Though the narrative is rarely made this explicit, I believe there's a line of thinking that goes something like this: Racism, as a force in American life, for all intents and purposes ended sometime in 1968. The civil rights bills had been passed, Martin Luther King Jr. had been killed, and the work of consolidating the gains of integration was finally consolidated with President Obama's election in 2008. People who want to make a big deal of white-on-black racism are generally "race hustlers" who want to prey on our divisions for their own gain.

So while it's easy to write off Rick Perry's "Niggerhead" moment as a faint echo of a long-ago era—and echo that probably would only be heard in the South, really—I suspect there's a lesson in there for the rest of us. And it comes from this New York Times' article:
One woman said local residents had called the area by that name since long before Mr. Perry and his father had leased the property. 
“It’s a bunch of crock,” said a woman who, like other residents in Throckmorton (population 828), would identify herself by only her first name, Mary. “I’m sorry, we had nothing to do with it. Perry had nothing to do with it. It’s been there all this time.

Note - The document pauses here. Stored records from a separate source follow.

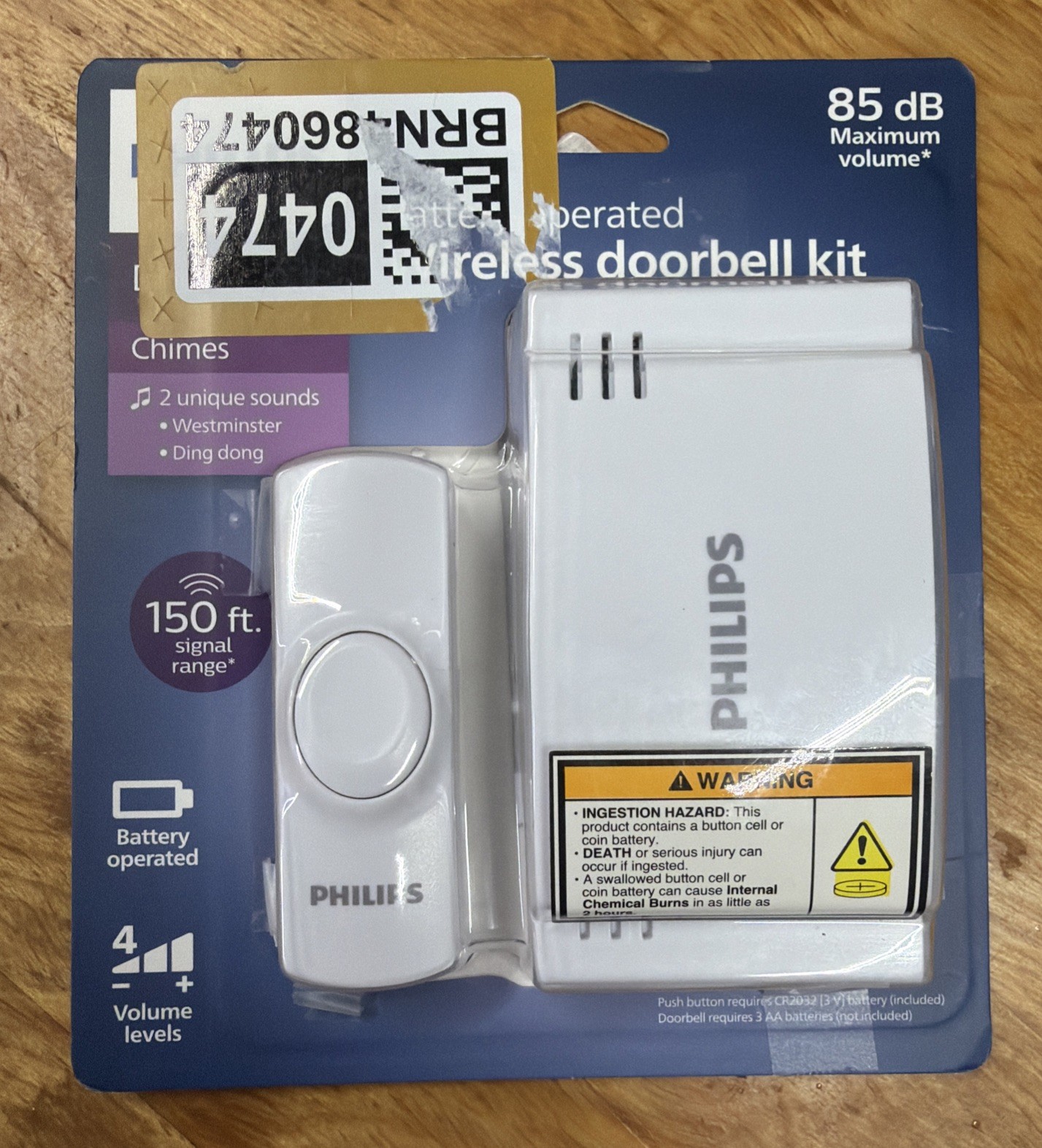 Philips Wireless Battery-Operated Doorbell Kit Rec White DES1120W/27 Dmg Box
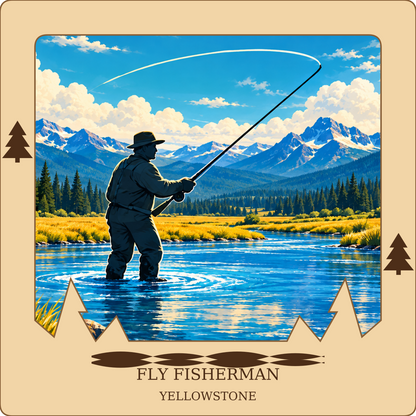 SL-YS-15-NL | Fly Fisherman framed design preview; hardware not shown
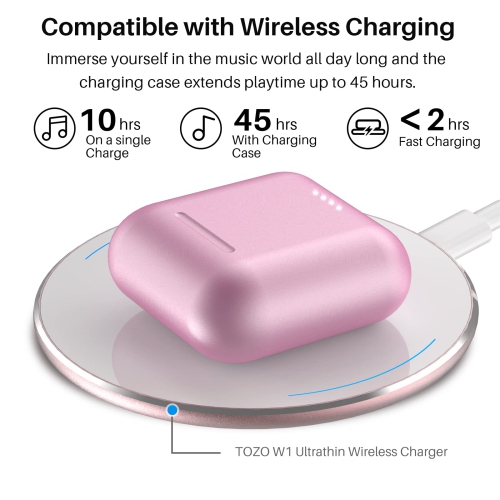 TOZO T6 In-Ear Sound Isolating True Wireless Headphones Bluetooth Earbuds IPX8 Water Resistance - Pink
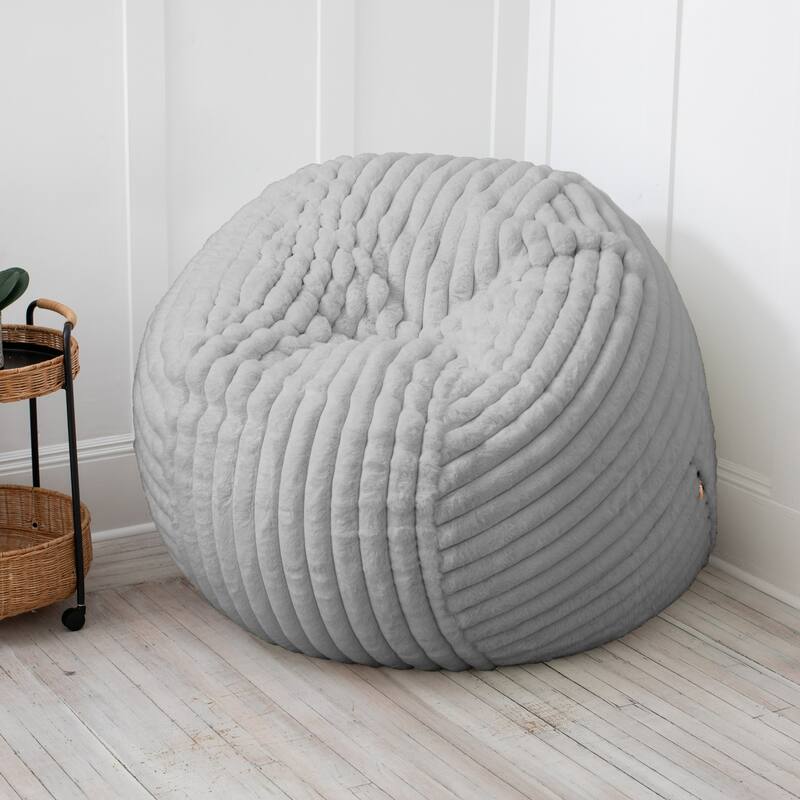 Large Faux Fur Ribbed Bean Bag Chair - 60" - Gray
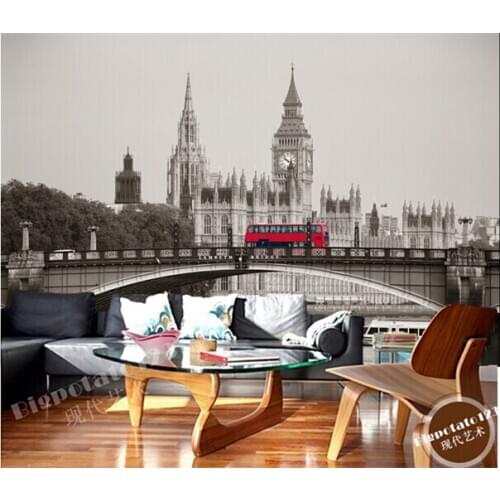 Custom retro wallpaper, black and white London red bus for the living room bedroom TV background wall waterproof wallpaper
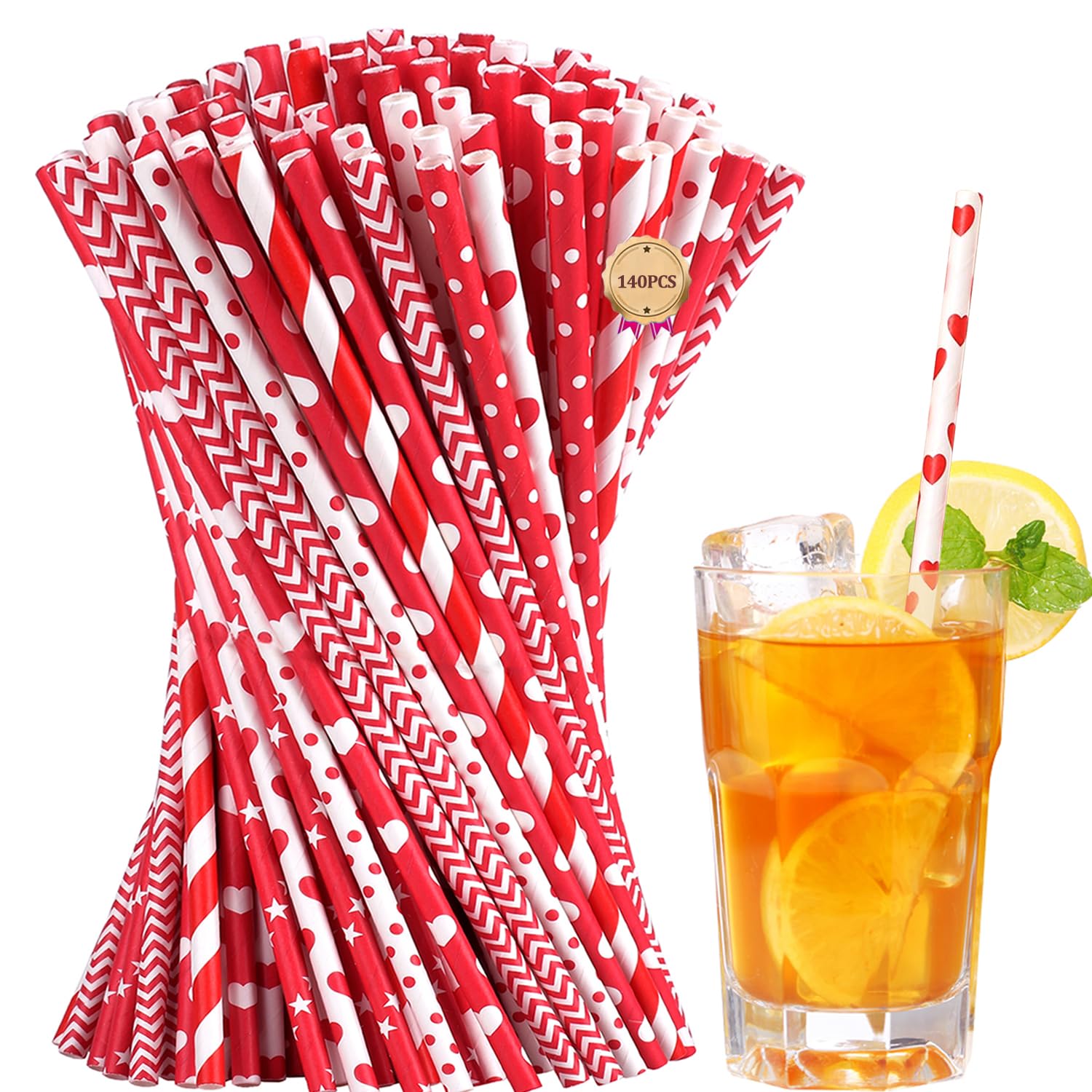 [140 Pack] Paktalk Valentine Straws, 7 Assorted Red And White Straws Red White Striped Dot Wave Star Paper Straws Disposable For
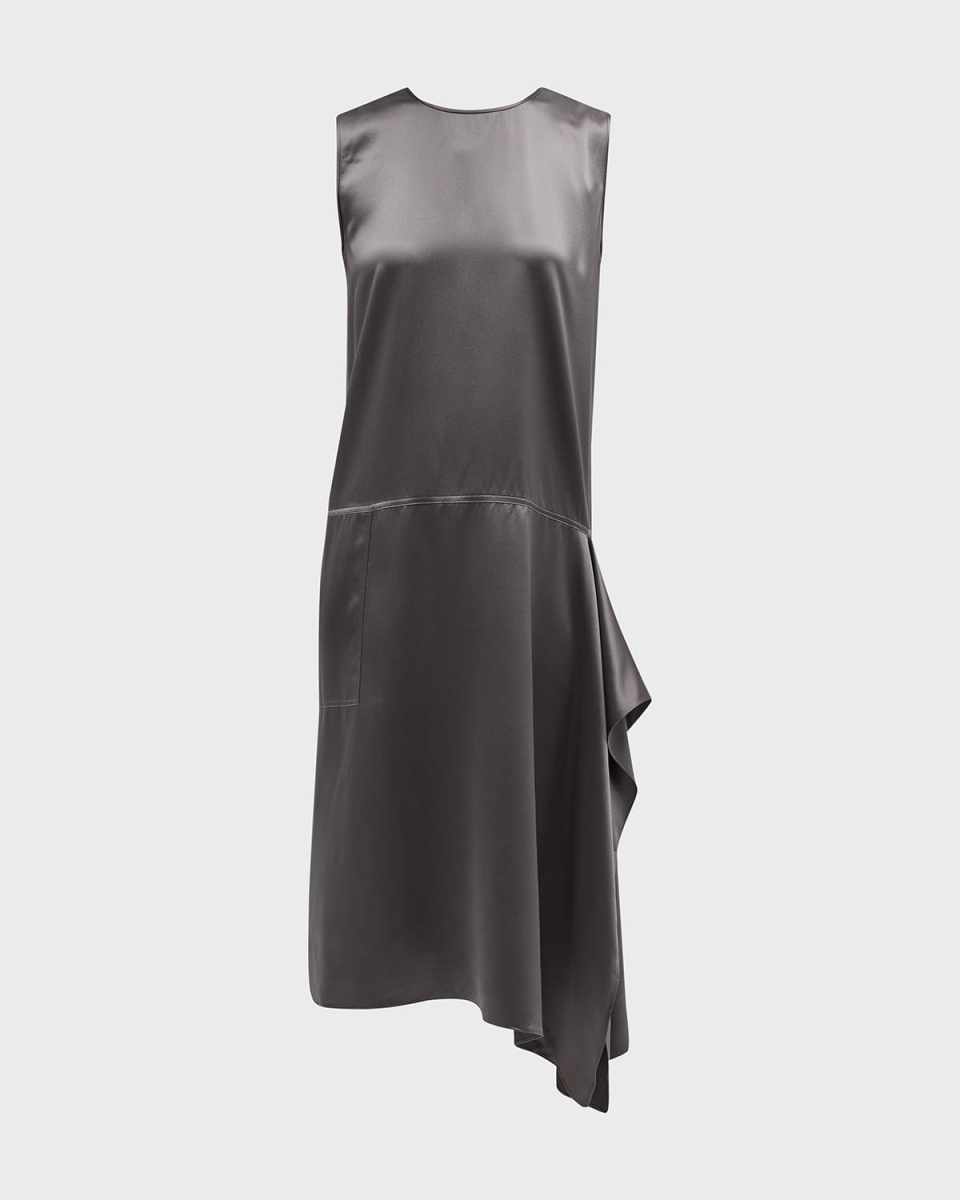 Side-Drape Satin Midi Dress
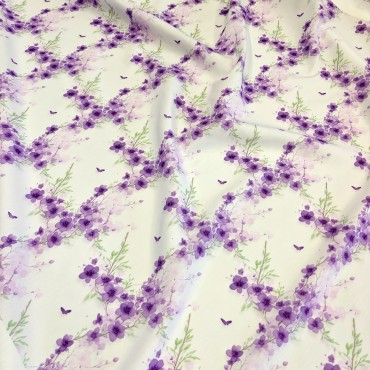 Поплин плательный с акварельными фиолетовыми цветами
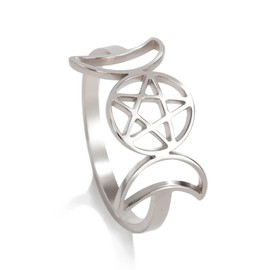 TEAMER Stainless Steel Triple Moon Goddess Ring Amulet Wicca Pentagram Ring Pagan Jewelry for Women, Stainless Steel, No Gemstone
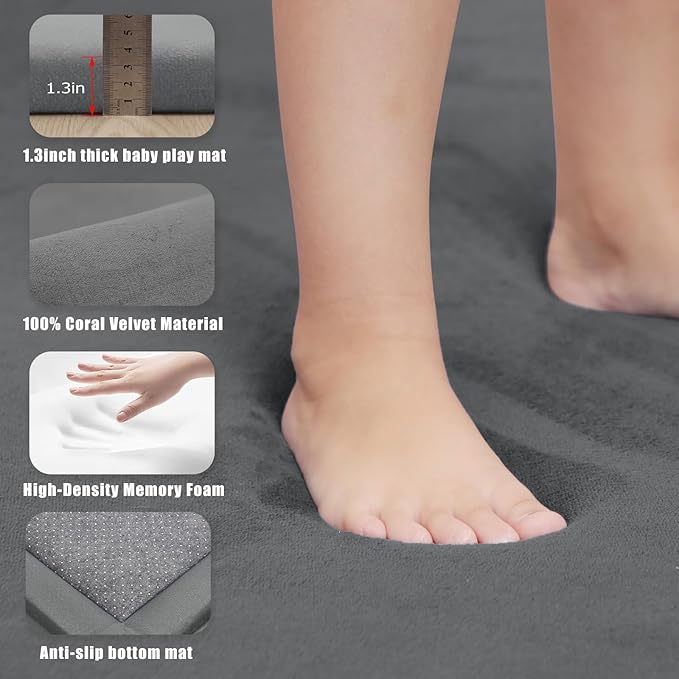 Baby Play Mat for Floor, 1.3" Thick Memory Foam Muscle Playpen Cushion, Soft Coral Velvet Tummy Time Mat with Non-Slip Backing, Water Repellent Child Nursery Rug for Toddlers, Kids (Dark Grey, 39X59)-CubbioJoy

He don’t mean nothing by it, that’s just the name of it. 
She said she believed that the name could be traced back to the “slavery days,” adding, “It’s just something that’s been, long before Perry was even thought of being born.”
 As part of the "racism ended in 1968" meme, I believe, there has been a significant temptation to believe that problems that often plague black communities in America—unemployment, violence, poverty—have nothing to do with the 300 years of slavery and Jim Crow that came before the modern era. "It is what it is," to borrow a phrase, and if that leaves a lot of people who were born with advantages remaining in a position of advantage, well, that's just a coincidence, right? Anybody who really wants to work their way to prosperity—or, at least, a middle class life—can do so if they choose.

But the term "Niggerhead" apparently stuck at this Texas camp for decades past racism's apparent sell-by date in America—and nobody really seemed to give it a second thought until recent years. "It's just something that's been," we're told, without any reflection on why it's been or if it's the way it has to be. When it gets pointed out, the locals get angry and defensive. And why not? It's doubtful any of them were trying to be racist, and now it's a national issue. It's not a dynamic designed to produce thoughtful consideration.

Which is too bad. Racism clearly isn't the same force it was 60 or 70 years ago, but it's foolish to act as though it's legacy doesn't live with us still—sometimes in unexpected ways and places. When "Niggerhead" is a place where white politicians still do business, it suggests there is still work to be done.